Nomura recorded the league’s second-most home runs with 657 during his 25-year-long career as a catcher, and appeared in more than 3,000 games as both a player and a manager, a first in the baseball world.
But it is not due to those numbers that he is so respected, rather the fact he has shown a distinctive talent for giving a fresh breath of life to struggling baseball clubs. Looking at his career as a manager, he only had two more wins than he lost, recording 1,565 wins, 76 draws and 1,563 losses while managing 3,204 games. Percentage-wise, he had a 50.03 winning record, but baseball writer Kim Sik believes Nomura’s record is one of the most prestigious feats in the NPB as it was mainly the result of the weak confounding the strong.
Kim highlights the retired baseball legend’s knack for defeating stronger teams, and how his leadership transformed weak teams into stronger ones, with his own vision in his latest book, “Baseball Manager Nomura, The Weak Beat The Strong,”
In Korea, the Japanese manager is known as a role model for Kim Sung-geun, a star manager who led the SK Wyverns of the Korea Baseball Organization (KBO) to win Korean Series titles in 2007, 2008 and 2010. Now as a manager of the Hanwha Eagles, Kim has been the most-talked-about baseball manager this season after lifting the worst team in four of the past five seasons up to fifth place in the 10-team league.
In his recommendation letter, Kim confesses he has read every book of Nomura to learn his secrets for winning and ways to become a reliable leader.

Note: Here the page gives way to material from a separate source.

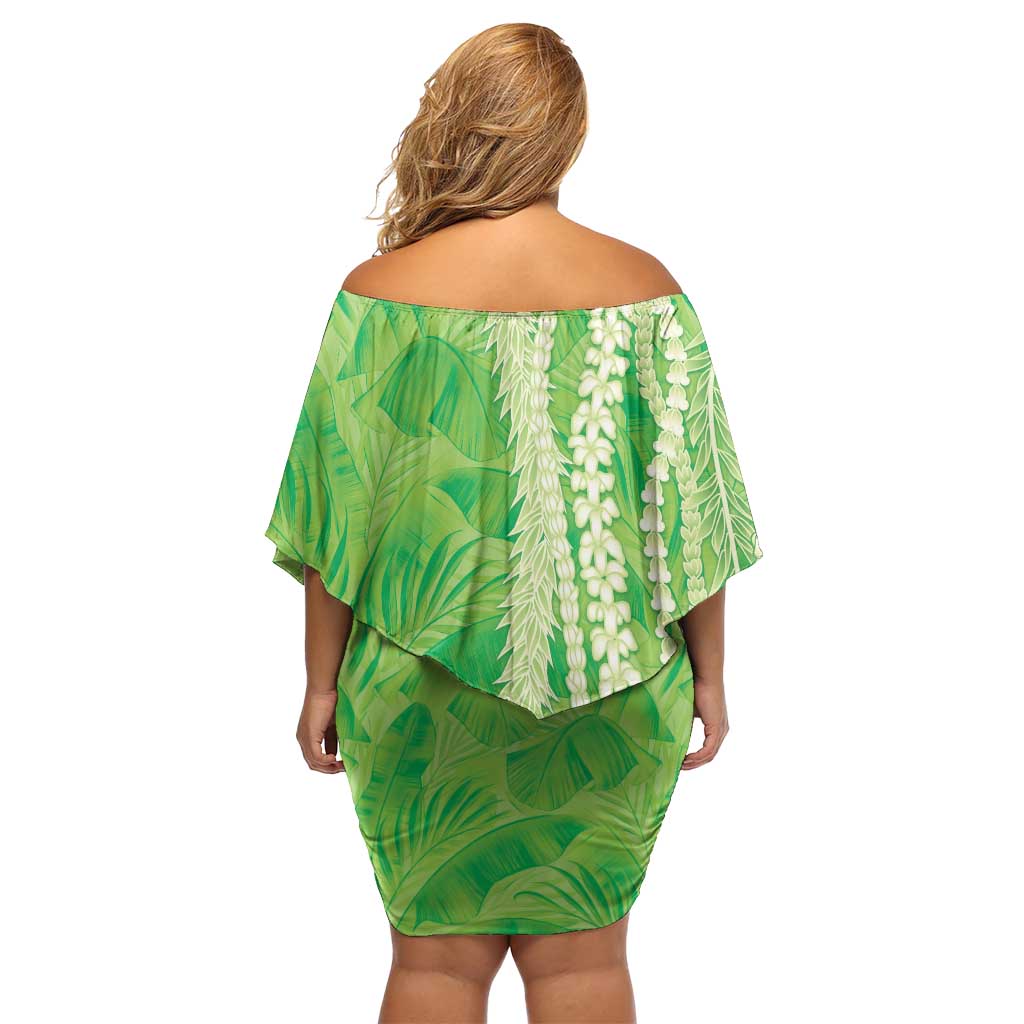 Hawaii Prince Kuhio Off Shoulder Short Dress Lime Green Hawaiian Lau Maia With Leis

“Baseball is a sport where you risk failure. It is necessary to overcome failures. Nomura has claimed it is important to figure out the reasons when you fail at something. If you know the reason why you experience failure, it reduces the chances that you will fail again the next time,” he writes.
The author obviously walks a tightrope in trying to balance the tone and character of his book so it is part self-help book that is interesting to the general public, and part critical biography primarily suited for avid baseball fans. But one thing is sure: the book clearly delivers the legendary manager’s firm philosophy that everyone always starts after failing at something.